[Opening Data under study section]
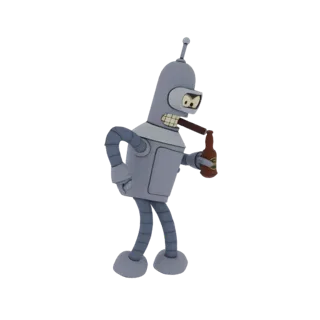 3D-Modell von Bender Rodriguez aus Futurama, ein grauer Roboter mit einer Zigarre im Mund und einer Bierflasche in der Hand.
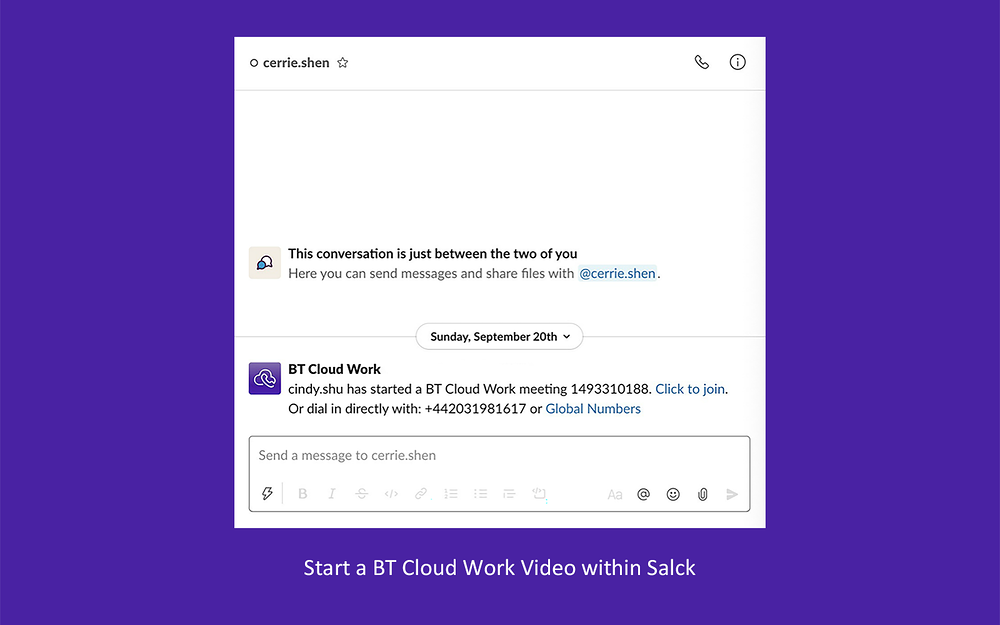 BT Cloud Work settings interface — Voice & Video app on the Slack Marketplace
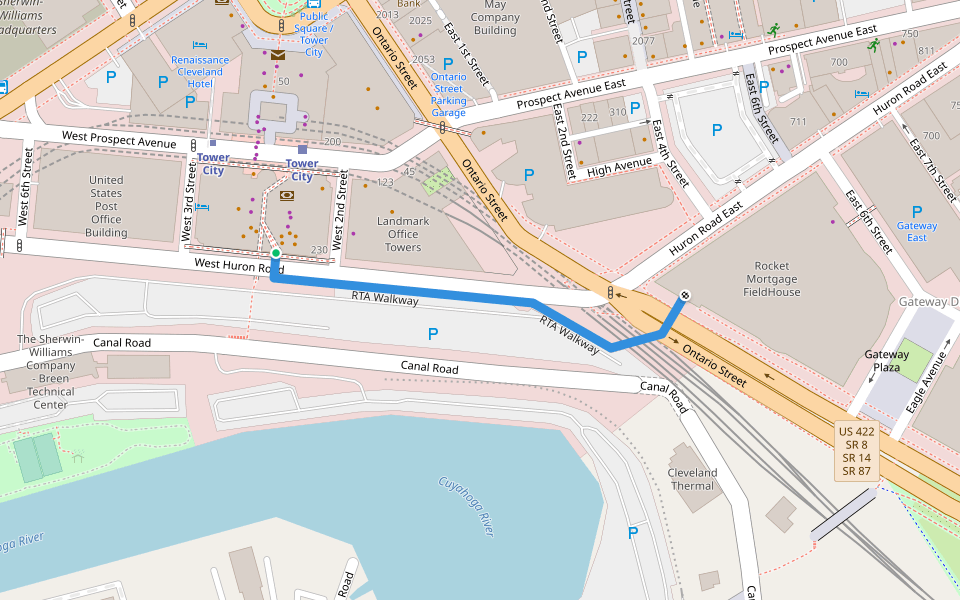 The Walkway walking route map in Cleveland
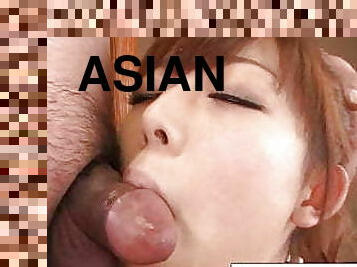 Sweet Asian cutie sucks until he cums in her mouth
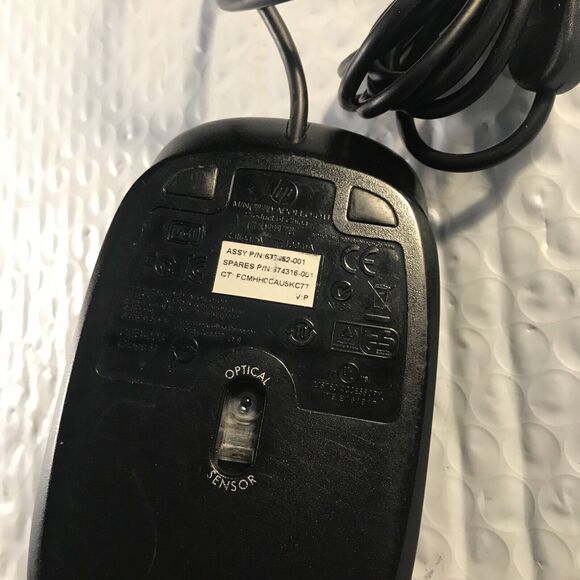 HP Wired Optical Mouse - SM-2022 - Black Computer Mouse Wired USB - Picture 2 of 5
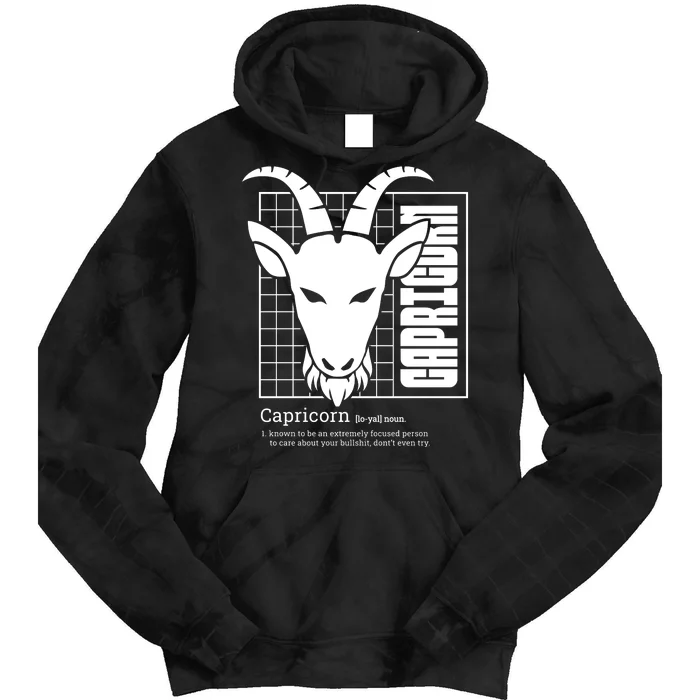 Capricorn Zodiac Definition Tie Dye Hoodie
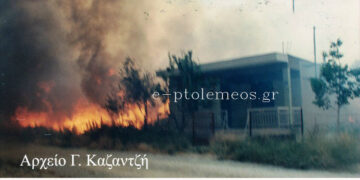 Από τη μεγάλη και πρωτοφανή για την περιοχή μας, καταστρεπτική πυρκαγιά τον Ιούλιο του 1988, από την στήλη του Γεώργιου Καζαντζή στον Παλμό 01/07/2015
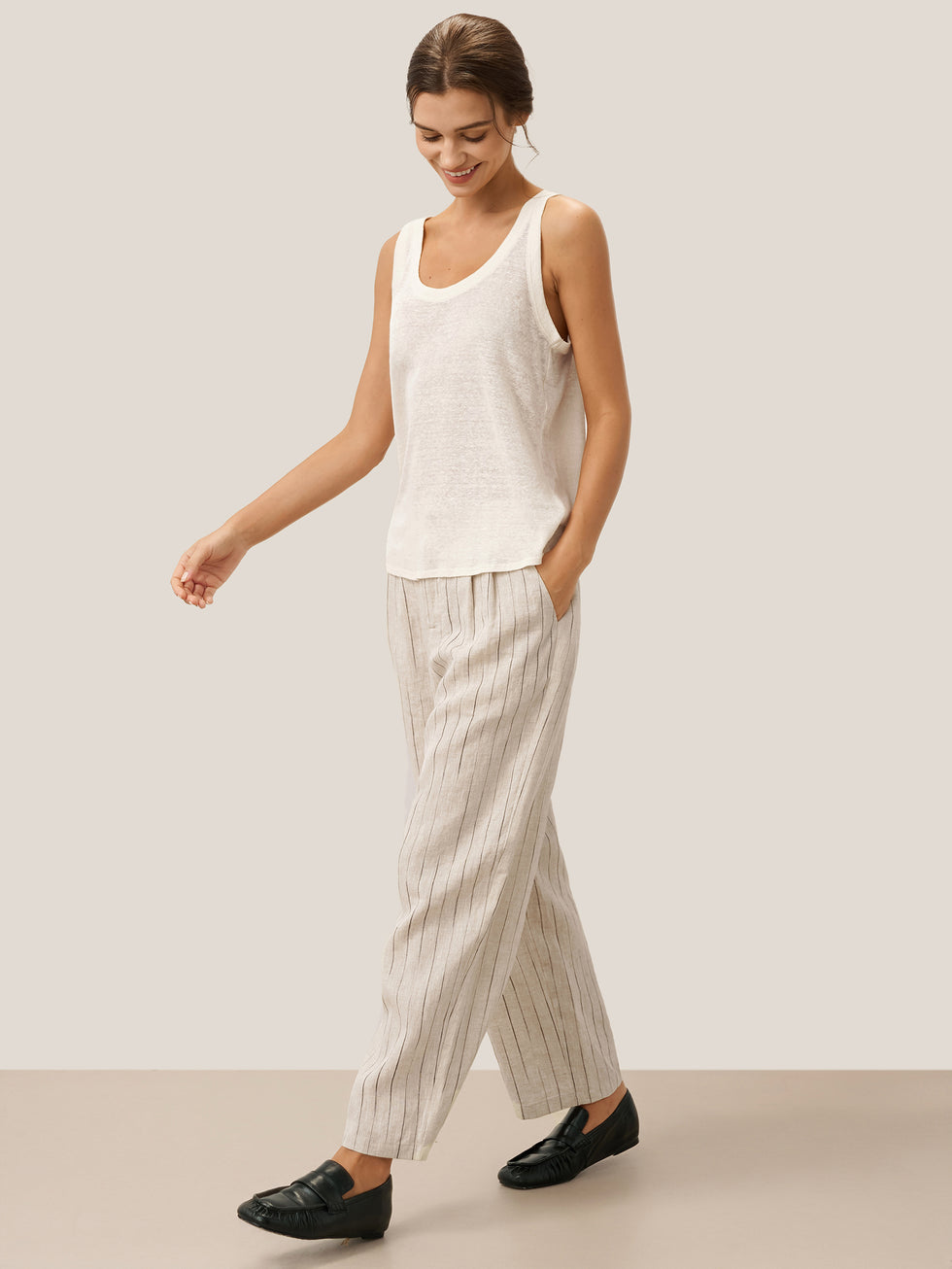 100% Linen Sketch Stripe Suit Set ELOISE by LINTICO for women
[Closing Data under study section]
■ Activity: Lines from the one containing "The Walkway walking route map in Cleveland" through the final line of the entries above are to be retyped exactly, with every picture left out.

■ Exercise response:
 The Walkway walking route map in Cleveland
 Sweet Asian cutie sucks until he cums in her mouth
 HP Wired Optical Mouse - SM-2022 - Black Computer Mouse Wired USB - Picture 2 of 5
 Capricorn Zodiac Definition Tie Dye Hoodie
 Από τη μεγάλη και πρωτοφανή για την περιοχή μας, καταστρεπτική πυρκαγιά τον Ιούλιο του 1988, από την στήλη του Γεώργιου Καζαντζή στον Παλμό 01/07/2015
 100% Linen Sketch Stripe Suit Set ELOISE by LINTICO for women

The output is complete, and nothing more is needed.